Have you ever thought ‘I need to stay up late to get stuff done’? Well research tells us you would probably be better off going to sleep. Your brain is better after the rest it needs, meaning your waking hours would be more effective and efficient. From a sleep and neuroscience point of view, its about the quality not quantity of hours in your day. If you haven’t had enough sleep, the quality of your waking hours will be low, and the outputs will be too.
Do you ever suffer from these at work?
- Not taking stuff in
- Drifting off in meetings
- Not being articulate in your communication
- Struggling to come up with ideas
- Difficulty solving problems
- Feeling unproductive
A good nights sleep primes your brain for whats to come, ready to learn new things and be effective at work. Sleep also pushes the save button at the end of a day of activity, committing to memory all the information received that day.

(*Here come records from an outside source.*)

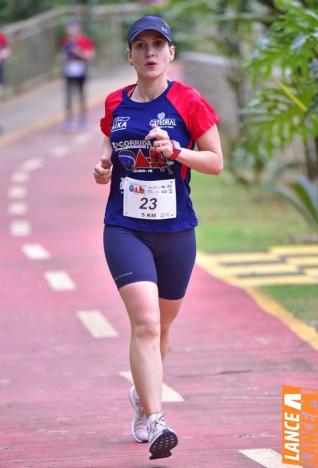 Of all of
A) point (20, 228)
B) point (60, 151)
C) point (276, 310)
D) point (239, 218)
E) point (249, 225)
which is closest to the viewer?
point (276, 310)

Top tips for a good nights sleep
Tip 1: Stop snoozing on the sofa
To have good nights sleep, you need to be sleepy. Sleepiness builds over the day, until bedtime, when you fall asleep and release the build up. Sleepiness is also what keeps you asleep through the night, stopping you from having interrupted sleep.
You need to allow your sleepiness to build to a level where its easy to fall asleep, and stay asleep for long enough to achieve all the benefits of a good nights rest. If you feel you’re nodding in the evening, go to bed. You don’t want to be snoozing on the sofa and taking the edge off your sleepiness. It impacts on the whole night.
Tip 2: Nail a bedtime routine
The brain loves associations, good and bad. You need to build a strong association that says ‘it’s time for sleep’. It’s about what you do, so a routine of removing makeup, a drink that isn’t alcohol or caffeine, reading. Whatever, it’s up to you. Just be consistent. It’s also about the environment you create where you sleep; no screens, dark and cool is best.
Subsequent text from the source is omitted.